Trump Admits to Taking Sensitive Documents He Deemed 'Personal' Former President Donald Trump (Getty Images)
By Brian Pfail | Monday, 14 November 2022 01:16 PM EST
Former President Donald Trump admitted he took documents from the White House to Mar-a-Lago, arguing they were designated as personal records rather than presidential records.
Trump's attorneys said, "a President determines whether a document constitutes a Presidential record or a personal record," and "when that decision is made, it is not subject to challenge."
Trump's legal team contends "there is no authority whatsoever for the notion that the Government can seize documents from a President, and simply declare that they are Presidential records."
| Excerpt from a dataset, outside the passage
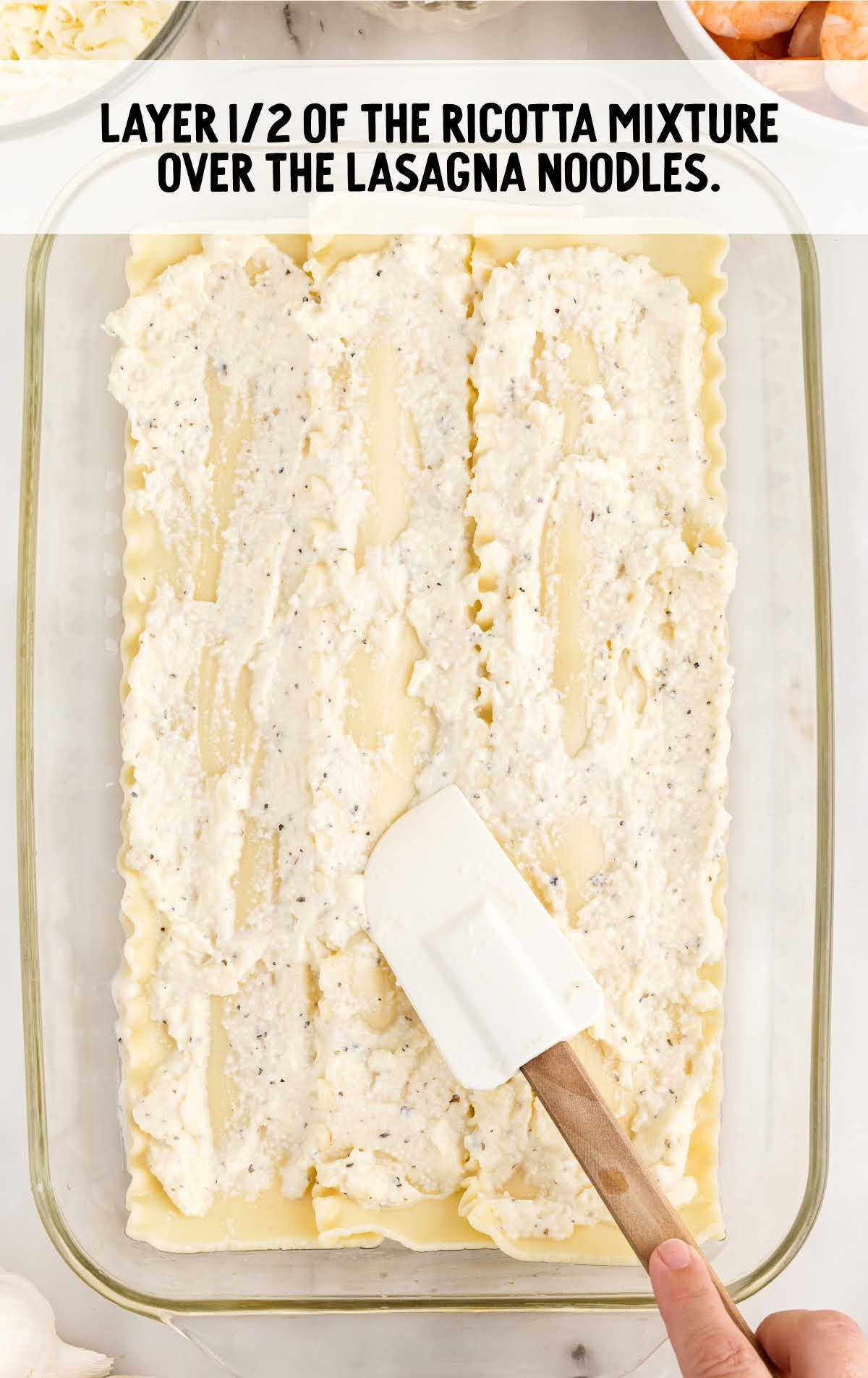 ricotta mixture layered over the lasagna noodles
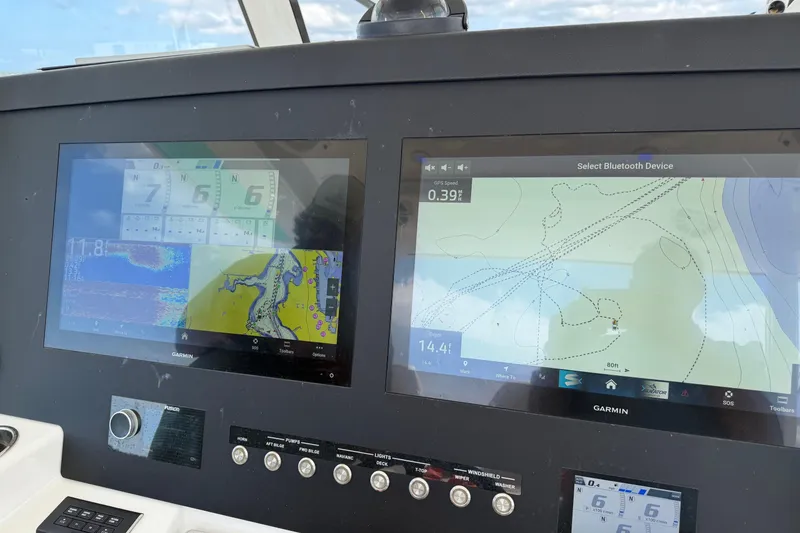 Slide: The Image of Dashboard of a 2023 Regulator 37 boat with Garmin navigation displays. - 2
Federal law permits presidents to deem certain records as "personal" so long as they have no decision-making value to future administrations.
"President Trump was still serving his term in office when the documents at issue were packed, transported, and delivered to his residence in Palm Beach," according to Trump's lawyers. "Thus, when he made a designation decision, he was President of the United States; his decision to retain certain records as personal is entitled to deference, and the records in question are thus presumptively personal."
Trump's attorneys made the argument before Judge Raymond Dearie, the special master reviewing the records seized by FBI during the raid last August that was "personally approved" by Attorney General Merrick Garland.
An appeals court granted the Justice Department a partial stay of Judge Aileen Cannon's lower court order, allowing DOJ to continue its criminal investigation using the documents seized.
Cannon had ruled that she "temporarily enjoins the Government from reviewing and using the seized materials for investigative purposes pending completion of the special master's review or further Court order."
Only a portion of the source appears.